--- RECORDS SHOWN Enclosed Below ---

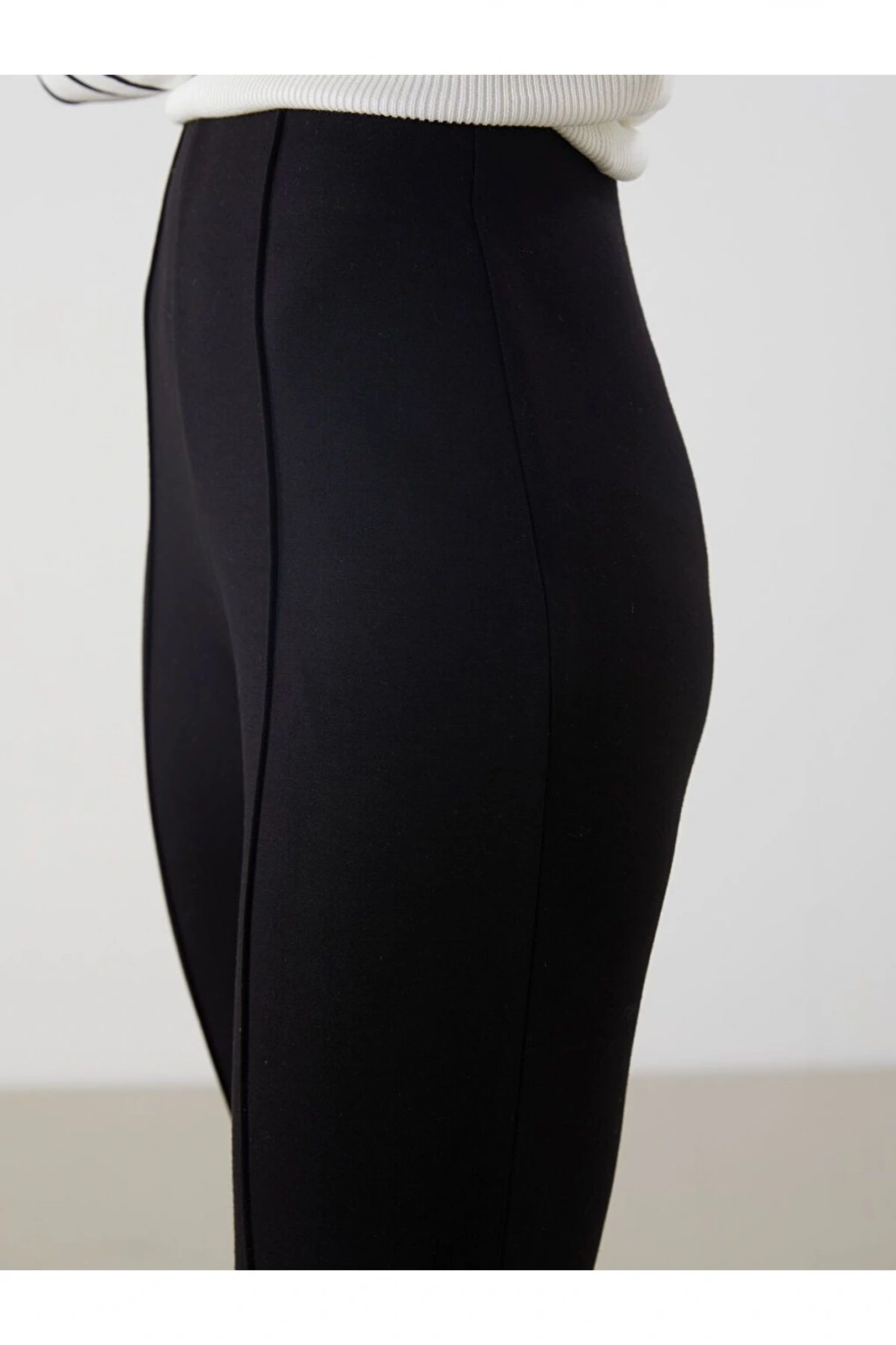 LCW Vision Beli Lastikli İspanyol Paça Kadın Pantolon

--- End of Enclosed RECORDS SHOWN ---
--- RECORDS SHOWN Enclosed Below ---

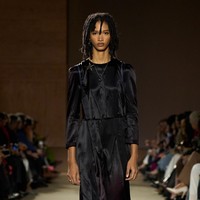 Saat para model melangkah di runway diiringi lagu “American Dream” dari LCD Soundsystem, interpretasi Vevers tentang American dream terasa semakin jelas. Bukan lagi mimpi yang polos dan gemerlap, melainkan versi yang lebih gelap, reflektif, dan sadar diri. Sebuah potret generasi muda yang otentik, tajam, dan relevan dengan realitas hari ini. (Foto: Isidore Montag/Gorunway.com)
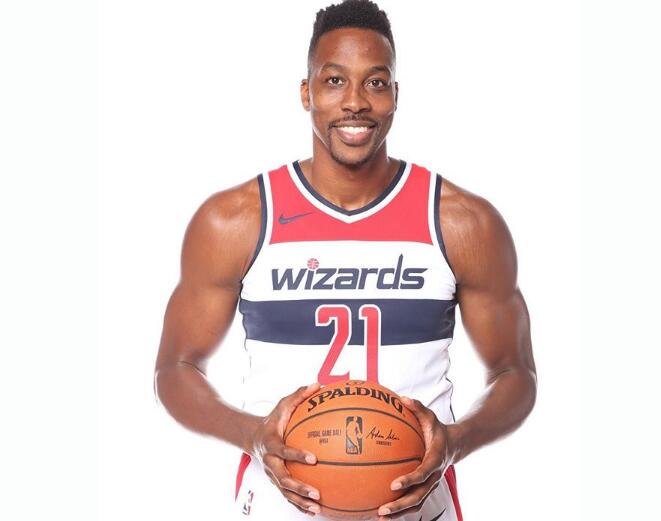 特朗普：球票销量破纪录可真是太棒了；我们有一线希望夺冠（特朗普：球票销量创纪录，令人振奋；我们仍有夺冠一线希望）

--- End of Enclosed RECORDS SHOWN ---

#### [PROBLEM STATEMENT]
Starting at the line above with "Saat para model", output every line exactly up to and including the line with "特朗普：球票销量破纪录可真是", but none of the pictures.

#### [RESPONSE TO THE TASK]
 Saat para model melangkah di runway diiringi lagu “American Dream” dari LCD Soundsystem, interpretasi Vevers tentang American dream terasa semakin jelas. Bukan lagi mimpi yang polos dan gemerlap, melainkan versi yang lebih gelap, reflektif, dan sadar diri. Sebuah potret generasi muda yang otentik, tajam, dan relevan dengan realitas hari ini. (Foto: Isidore Montag/Gorunway.com)
 特朗普：球票销量破纪录可真是太棒了；我们有一线希望夺冠（特朗普：球票销量创纪录，令人振奋；我们仍有夺冠一线希望）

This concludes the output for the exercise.